Me recordo das férias escolares, as brincadeiras de rua: taco, pega-pega, esconde-esconde, duro ou mole, enquanto jurava amizades eternas...promessas tão curtas que somente crianças são capazes de cumpri-las; o retorno às aulas, à escola! Me lembro da lição de casa: a eterna tabuada, gêneros, números, graus, divisão com dois números na "casinha", e eu achando que esse seria o maior problema que eu enfrentaria na minha vida....a ilusão costuma ser doce, quando é resultado da falta de conhecimento e experiências!
Me vêm à memória meus pais, e quando ainda éramos uma família, os almoços, abraços, passeios, conversas....Meu pai dizendo: "Não deixe a toalha molhada em cima da cama, menina!"... e como eu ficava brava, afinal não queria ser tratada como uma criança, como sempre: irônico!
Contudo me lembro principalmente da felicidade...simples, aquela totalmente descaracterizada de tudo que for material que você possa imaginar: me bastava muitas vezes correr, eu era meu próprio automóvel, meu próprio foguete; sorrir, e eu sorria alto, gesticulava, apertava a barriga como quem sente até dor de tanto rir, deitva no chão, me entregava; e nada como um banho de mangueira, eu quase me afogava de tantas vezes que colocava a mangueira com a água jorrando bem no meu rosto...
Então perdida em tantos pensamentos, ouço: "Mari!", voltei a mim, era o Cleiton, o outro inspetor de alunos, me chamando, vindo pelo corredor que ia de encontro ao banco onde eu estava.
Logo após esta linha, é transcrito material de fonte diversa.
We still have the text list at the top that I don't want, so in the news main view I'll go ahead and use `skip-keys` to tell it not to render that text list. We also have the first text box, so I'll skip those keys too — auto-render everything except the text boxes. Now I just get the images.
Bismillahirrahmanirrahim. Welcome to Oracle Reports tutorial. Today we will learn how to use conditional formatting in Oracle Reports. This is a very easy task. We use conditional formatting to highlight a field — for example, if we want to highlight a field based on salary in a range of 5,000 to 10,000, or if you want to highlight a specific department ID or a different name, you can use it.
Ele parou na minha frente como se fosse dizer algo, mas também avistou aquela mesma plantinha que por alguns minutos, me fez ir tão longe, sem ao menos ter dado um único passo...e ele foi em direção a ela e pisou nela tão rápido, que não tive sequer tempo para esboçar uma reação...naquele momento fiquei triste, todo aquele universo de nostalgias havia se desmoronado na minha frente...
Ele se desculpou, eu me expliquei, afinal ele teria que entender o total apego sem sentido a uma flor que passaria tão despercecbida...então me dei conta que talvez o "pisar nela" também o remetesse à infância, olhei bem para o Cleiton: ali tão adulto, casado, cheio de responsabilidades, em um único momento que ele se permitiu ser inconsequente...inconsequencia merecida!
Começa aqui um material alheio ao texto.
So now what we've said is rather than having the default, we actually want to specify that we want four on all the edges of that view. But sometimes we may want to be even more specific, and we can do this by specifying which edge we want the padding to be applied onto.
Só que não dava mais tempo para nada: o sinal tocou, troca de aula, alunos "cabulando", eu e o Cleiton voltamos a nossa rotina, nosso cotidiano, como sempre apressados e andando pelo corredor. Tive então a certeza de que jamais teríamos a inôcencia daquelas mesmas crianças que um dia nós dois já fomos....
Dedico essa crônica à Angela, à Marli, à Karina, à Váleria e em especial ao Cleiton, que um dia foram crianças como eu, e que hoje me ajudam tão bem a cuidar de outras crianças!